The deck is a standard 78-card deck with Rider-Waite-based images. But the first thing I noticed was the colors; they are incredibly powerful and bright, much more so than many decks I have seen. They seem to radiate optimism and hope. The artwork is excellent, and the more “disturbing” Rider-Waite images (Death, for example) have been softened somewhat by the artist. A number of the major arcana cards also feature astrological symbols.
One feature that I really like is the color-coded orbs in the top middle of each minor arcana card so you can tell a particular suit at a glance. The orbs on the major arcana have Roman numerals.
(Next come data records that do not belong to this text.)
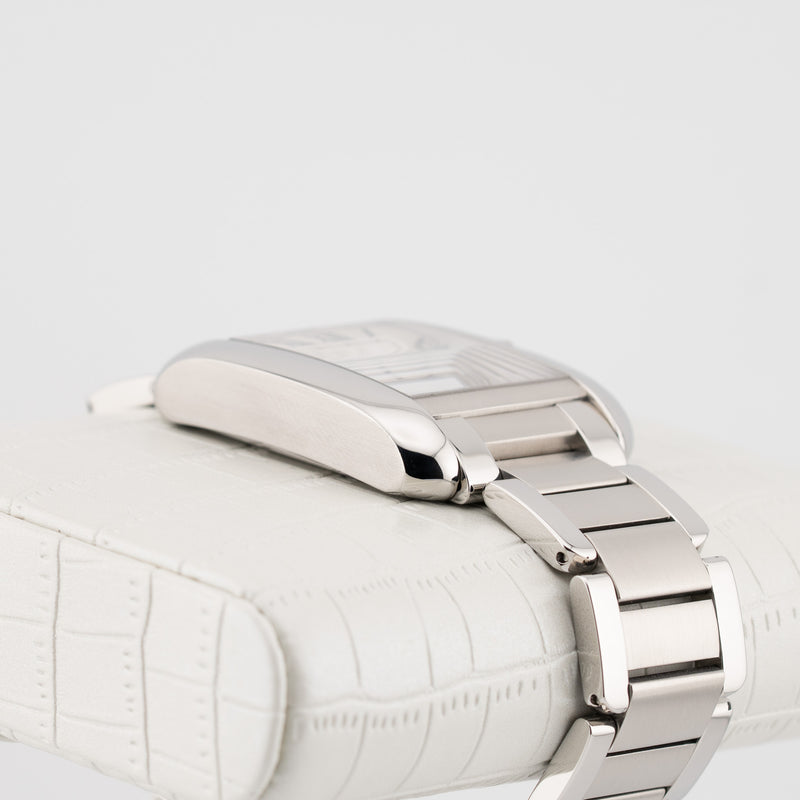 Cartier Tank Anglaise - Ref. W5310009 - 39.2mm * 29.8mm Stainless Steel - Beautiful Full Set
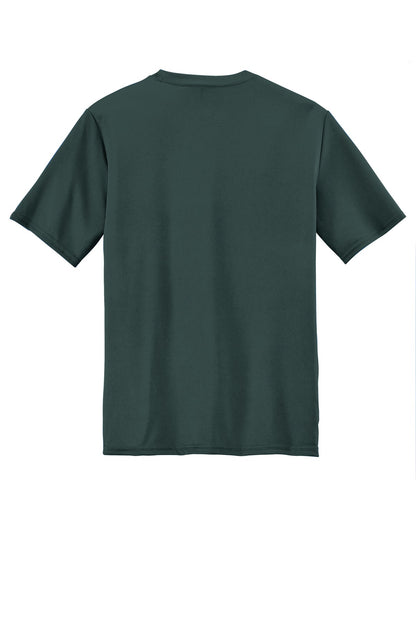 Port & Company Youth Performance Tee. PC380Y Dark Green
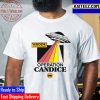 Warning Active UFO On Site Operation Candice Vintage T-Shirt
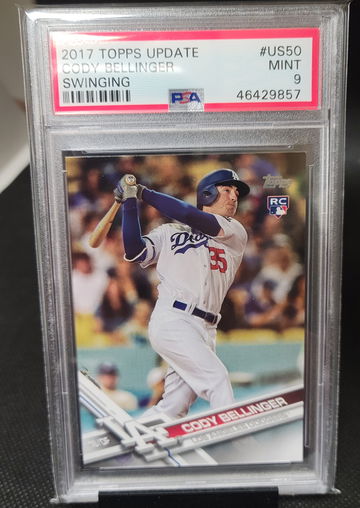 2017 Topps Update Cody Bellinger Swinging PSA 9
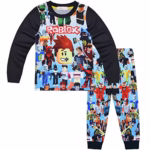 Roblox Pjs for Boys Short Sleeve T-shirt Pants Nightwear Set Girls 3D Gaming Character Sleepwear Kids Pajamas 2Pcs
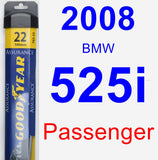 Passenger Wiper Blade for 2008 BMW 525i - Assurance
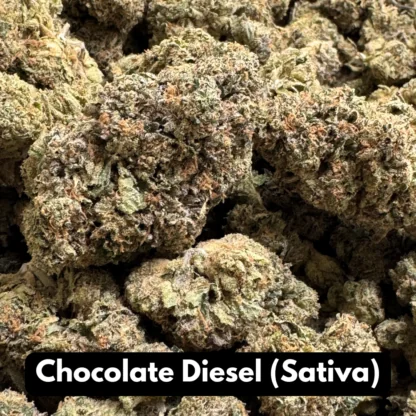 Natural THC-A Flower (Sativa ~ Chocolate Diesel)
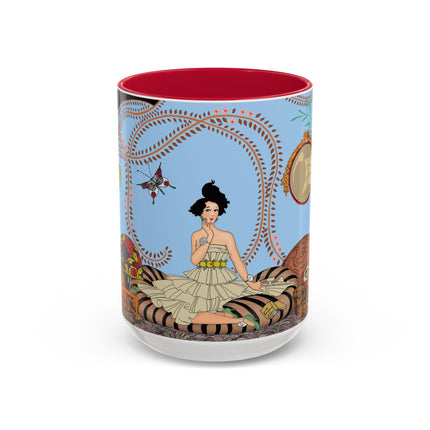 Minuit … ou l’appartement à la mode by George Barbier Colorful Mugs (11oz, 15oz)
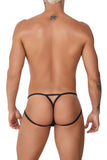CandyMan Men's Underwear 99762 Jock G-String Color Black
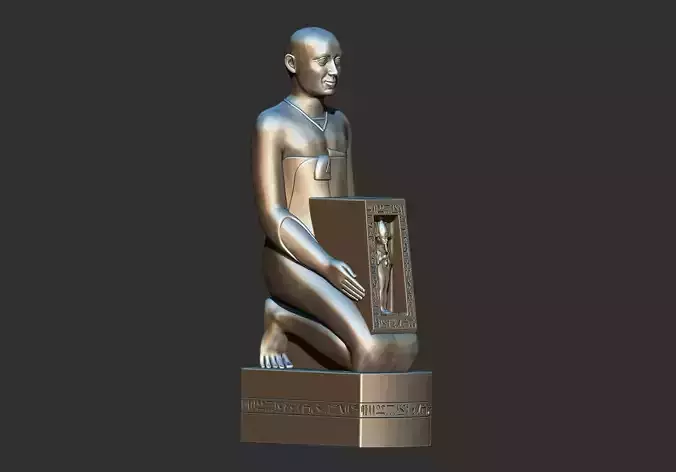 Naophorous statue of Psammetiksaneith 3d printable model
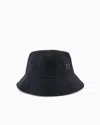 Armani Exchange Bucket Hats In Navy Blue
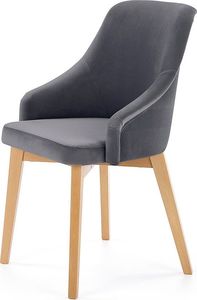 Elior Krzesło drewniane Altex 2X - grafit + dąb miodowy 1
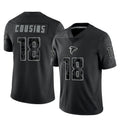 A.Falcons #18 Kirk Cousins Player Black RFLCTV Limited Gdoa Stitched Jerseys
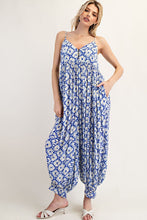 Load image into Gallery viewer, Flora Sky Jumpsuit

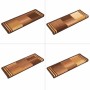 Alfombrillas de escalera autoadhesivas 5 uds marrón 65x21x4 cm en Hogar | Comprar online en Foru.es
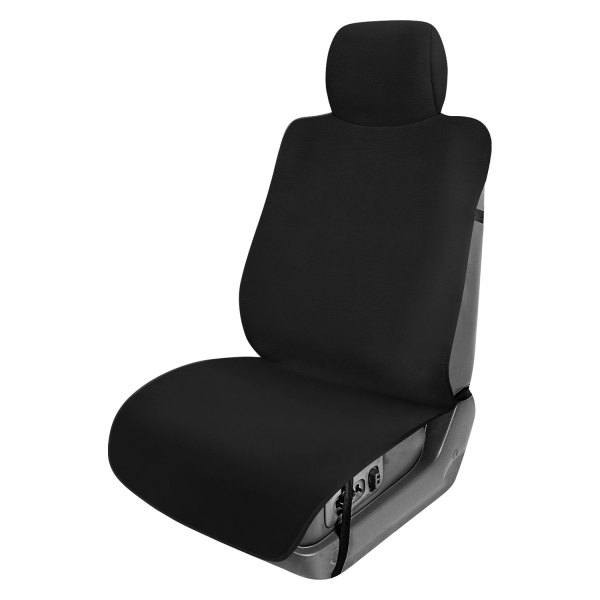 FH Group® - Black Faux Leather 1st Row Black Seat Protector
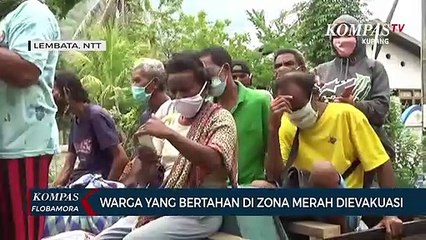 Warga Yang Bertahan Di Zona Merah Gunung Ile Ape Dievakuasi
My favorite card in this deck is The Lovers. It is an excellent interpretation of the standard Rider-Waite imagery but with some new twists. One of the main differences from the Rider-Waite Lovers image that spoke to me is the absence of an archangel over the man and woman. The spiritual “blessing” in the card is represented by a golden light coming down from above. Also, the Lovers are embracing each other in waist-deep water, which represents their strong emotions. In the original Rider-Waite deck, no water can be seen on the card. Finally, while the Rider-Waite Lovers card clearly refers to the biblical story of Adam and Eve—with both figures unclad and a snake in the fruit tree behind the female figure—the Gilded Tarot represents a Greco-Roman style set of lovers; the male figure of the Gilded Tarot’s Lovers card is dressed in Greco-Roman battlefield garb, while the woman wears a bikini-style outfit with a gold circlet in her hair adorned with flowers.
I found very little not to like about this deck. If I had to cite one negative thing, it is this deck’s incredible power to get people to pay attention to it to the exclusion of all other decks. When I offer a choice of decks to querents, if the Gilded is among the choices it is inevitably picked. I have never had a querent say to me “No, I don’t want the Gilded Tarot,” which does happen with some of my other decks. I actually stopped bringing the Gilded with me for a while because I wanted to read with other decks!
I’d recommend this deck for anyone familiar with the Rider-Waite style imagery and looking for a bright, optimistic Tarot deck. Fire signs in particular will gravitate to it because of its bold color scheme. Leos especially may like this deck so much they may never use another one; their propensity for lavishing attention on things will not be wasted here.
NOTE: Since this review was written, I’ve become a lot more familiar with Ciro Marchetti’s work, and if you like this deck, you’ll like his others: The Tarot of Dreams and the Legacy of the Divine Tarot.